• **Supplied material**:
== == ==
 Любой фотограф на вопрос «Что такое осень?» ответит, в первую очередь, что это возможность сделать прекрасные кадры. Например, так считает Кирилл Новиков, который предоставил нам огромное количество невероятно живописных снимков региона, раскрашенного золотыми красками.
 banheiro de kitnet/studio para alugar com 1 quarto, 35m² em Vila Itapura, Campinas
== == ==
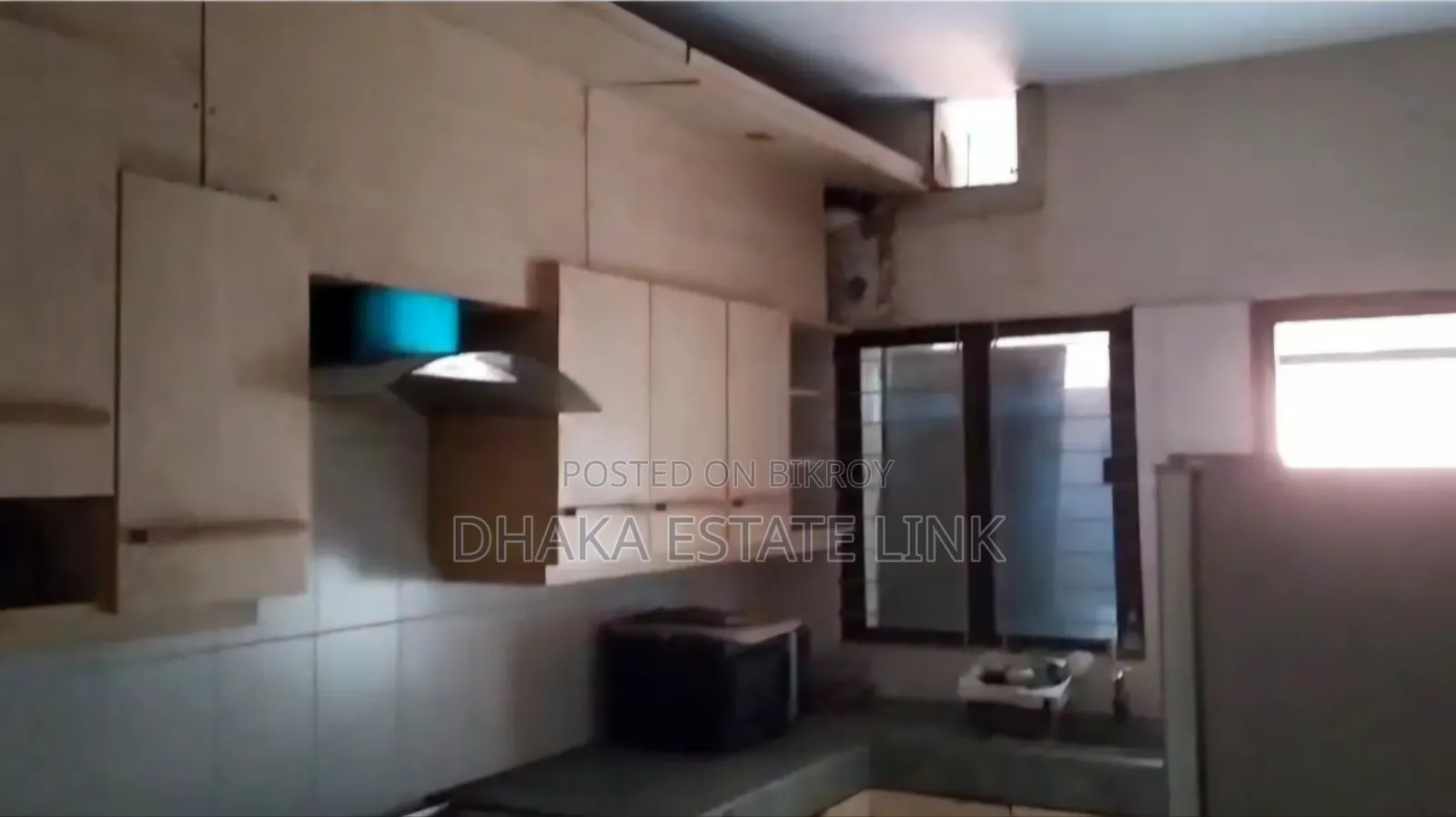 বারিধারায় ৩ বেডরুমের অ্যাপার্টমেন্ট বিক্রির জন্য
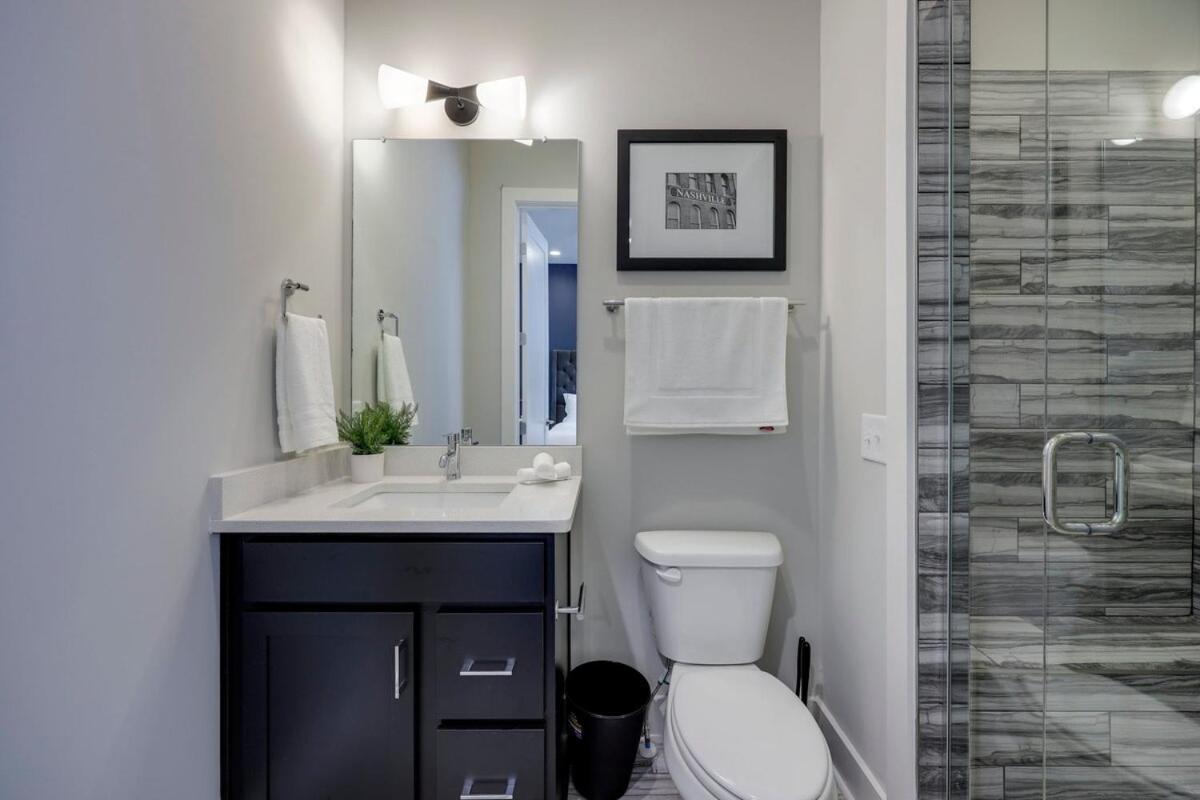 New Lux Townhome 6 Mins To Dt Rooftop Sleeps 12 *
== == ==
• **Work instructions**: Look back at the data above, then output exactly the lines from the line holding "বারিধারায় ৩ বেডরুমের" up to and including the line holding "New Lux Townhome". Leave out the pictures.

• **Exercise solution**:
 বারিধারায় ৩ বেডরুমের অ্যাপার্টমেন্ট বিক্রির জন্য
 New Lux Townhome 6 Mins To Dt Rooftop Sleeps 12 *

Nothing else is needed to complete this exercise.